=== Work order ===
Find the line with "Focus on Nursing" and the line with "Heart Bow Metal" in the entries below; output exactly those two lines, every line between them, and no others.

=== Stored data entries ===
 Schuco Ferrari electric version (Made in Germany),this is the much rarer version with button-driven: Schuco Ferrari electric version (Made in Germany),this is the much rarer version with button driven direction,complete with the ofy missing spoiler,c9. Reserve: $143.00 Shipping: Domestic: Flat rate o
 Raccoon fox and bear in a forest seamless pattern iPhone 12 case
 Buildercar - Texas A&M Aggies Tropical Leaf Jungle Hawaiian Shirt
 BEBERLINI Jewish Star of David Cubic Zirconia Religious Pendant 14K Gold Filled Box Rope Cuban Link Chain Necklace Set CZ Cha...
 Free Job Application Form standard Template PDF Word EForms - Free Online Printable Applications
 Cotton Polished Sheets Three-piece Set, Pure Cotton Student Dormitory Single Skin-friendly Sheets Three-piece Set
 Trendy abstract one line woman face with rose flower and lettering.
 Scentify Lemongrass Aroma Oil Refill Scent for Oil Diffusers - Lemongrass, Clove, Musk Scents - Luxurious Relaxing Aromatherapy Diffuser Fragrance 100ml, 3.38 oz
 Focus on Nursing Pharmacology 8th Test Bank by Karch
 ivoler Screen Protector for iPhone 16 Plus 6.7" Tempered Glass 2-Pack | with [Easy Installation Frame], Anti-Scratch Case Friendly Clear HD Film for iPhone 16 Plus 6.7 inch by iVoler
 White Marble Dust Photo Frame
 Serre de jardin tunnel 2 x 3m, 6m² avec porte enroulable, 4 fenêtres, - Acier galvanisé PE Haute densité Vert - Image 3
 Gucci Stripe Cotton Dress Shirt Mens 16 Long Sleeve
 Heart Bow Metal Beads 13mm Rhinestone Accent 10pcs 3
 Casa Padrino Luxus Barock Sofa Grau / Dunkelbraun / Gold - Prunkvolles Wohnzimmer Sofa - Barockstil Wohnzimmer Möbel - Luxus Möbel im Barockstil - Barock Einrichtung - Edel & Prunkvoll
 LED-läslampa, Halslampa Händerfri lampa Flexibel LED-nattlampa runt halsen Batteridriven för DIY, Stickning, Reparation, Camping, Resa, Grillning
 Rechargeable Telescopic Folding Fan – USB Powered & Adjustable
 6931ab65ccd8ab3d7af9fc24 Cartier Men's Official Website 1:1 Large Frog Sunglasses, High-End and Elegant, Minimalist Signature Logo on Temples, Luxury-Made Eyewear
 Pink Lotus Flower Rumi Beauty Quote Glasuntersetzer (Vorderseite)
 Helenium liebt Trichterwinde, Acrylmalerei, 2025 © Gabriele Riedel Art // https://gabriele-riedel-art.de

=== Exercise solution ===
 Focus on Nursing Pharmacology 8th Test Bank by Karch
 ivoler Screen Protector for iPhone 16 Plus 6.7" Tempered Glass 2-Pack | with [Easy Installation Frame], Anti-Scratch Case Friendly Clear HD Film for iPhone 16 Plus 6.7 inch by iVoler
 White Marble Dust Photo Frame
 Serre de jardin tunnel 2 x 3m, 6m² avec porte enroulable, 4 fenêtres, - Acier galvanisé PE Haute densité Vert - Image 3
 Gucci Stripe Cotton Dress Shirt Mens 16 Long Sleeve
 Heart Bow Metal Beads 13mm Rhinestone Accent 10pcs 3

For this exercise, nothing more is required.